Patient concerns regarding chronic hepatitis C infections

Summary.  Counselling of patients with chronic hepatitis C infections is often limited to discussions regarding how the virus is transmitted and what can be done to decrease the risk of transmission to others. The purpose of the present study was to document the principal concerns of newly diagnosed and follow‐up patients with chronic hepatitis C, and thereby enhance counselling strategies and content. Seventy newly diagnosed and 115 follow‐up patients with chronic hepatitis C virus (HCV) infection were initially asked in an open‐ended manner (volunteered concerns) and then to prioritize from a prepared list of seven potential concerns (prioritized concerns), to identify those concerns that were of utmost importance to them. The most common volunteered concerns of newly diagnosed patients in decreasing order were: disease progression (27%), premature death (19%), infecting family members (13%), side‐effects of treatment (11%) and miscellaneous others. In decreasing order, prioritized concerns included: infecting family members, development of liver cancer, infecting others, development of cirrhosis, social stigma of having liver disease, need for liver transplant and loss of employment.

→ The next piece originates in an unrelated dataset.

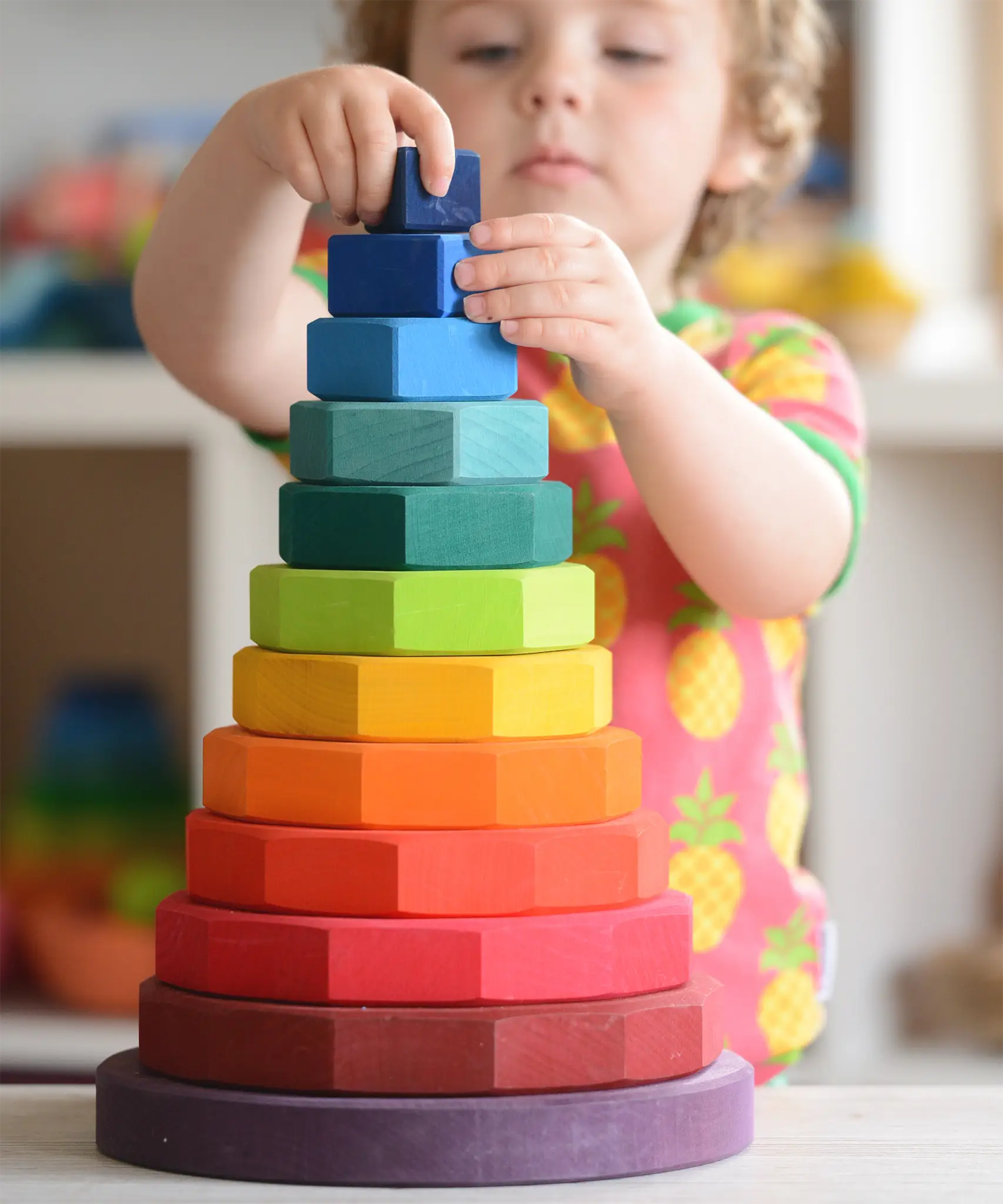 Child placing a block on Grimms large handcrafted wooden geometric stacker in a rainbow palette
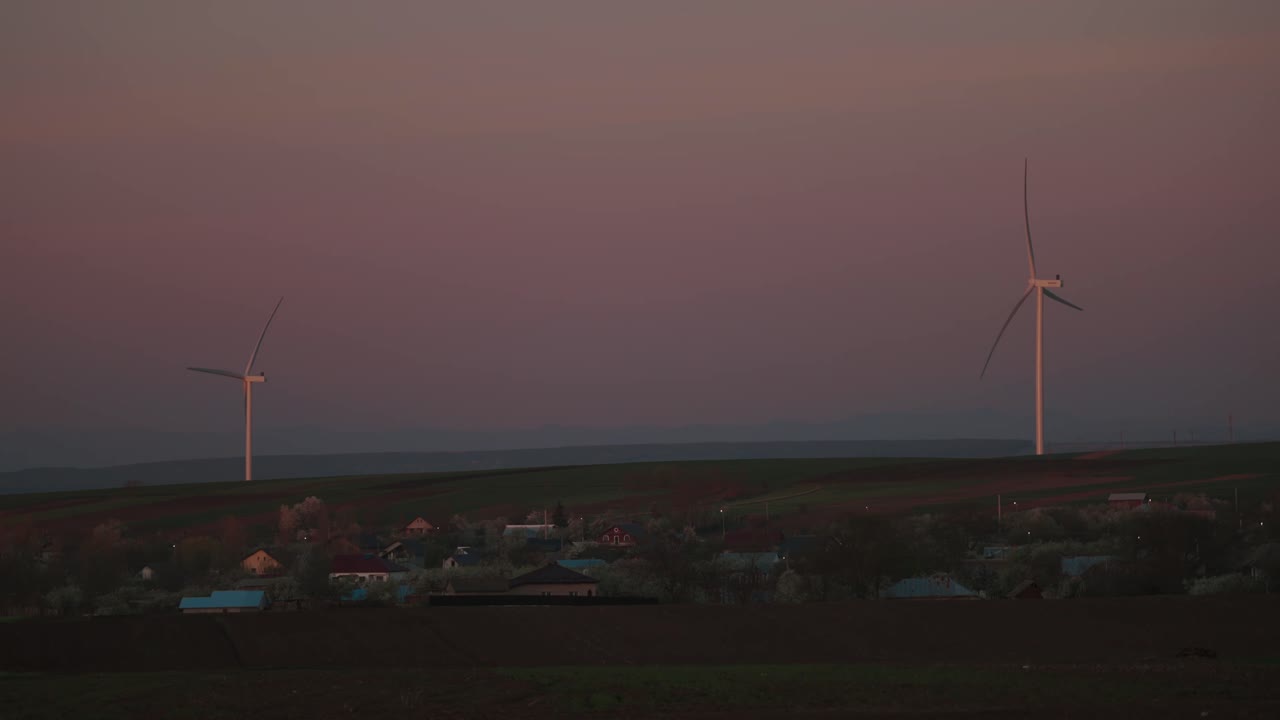 Wind Turbines and Village at Sunset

The principal volunteered and prioritized concerns of follow‐up patients were similar to those of newly diagnosed patients. Volunteered and prioritized concerns were relatively consistent across the different genders, age groups, ethnic backgrounds, education level, marital status, employment, modes of viral acquisition and in the case of follow‐up patients, duration of follow‐up. These results indicate that health care providers who focus counselling efforts exclusively on viral transmission are unlikely to address other important concerns of newly diagnosed and follow‐up patients with chronic HCV infection.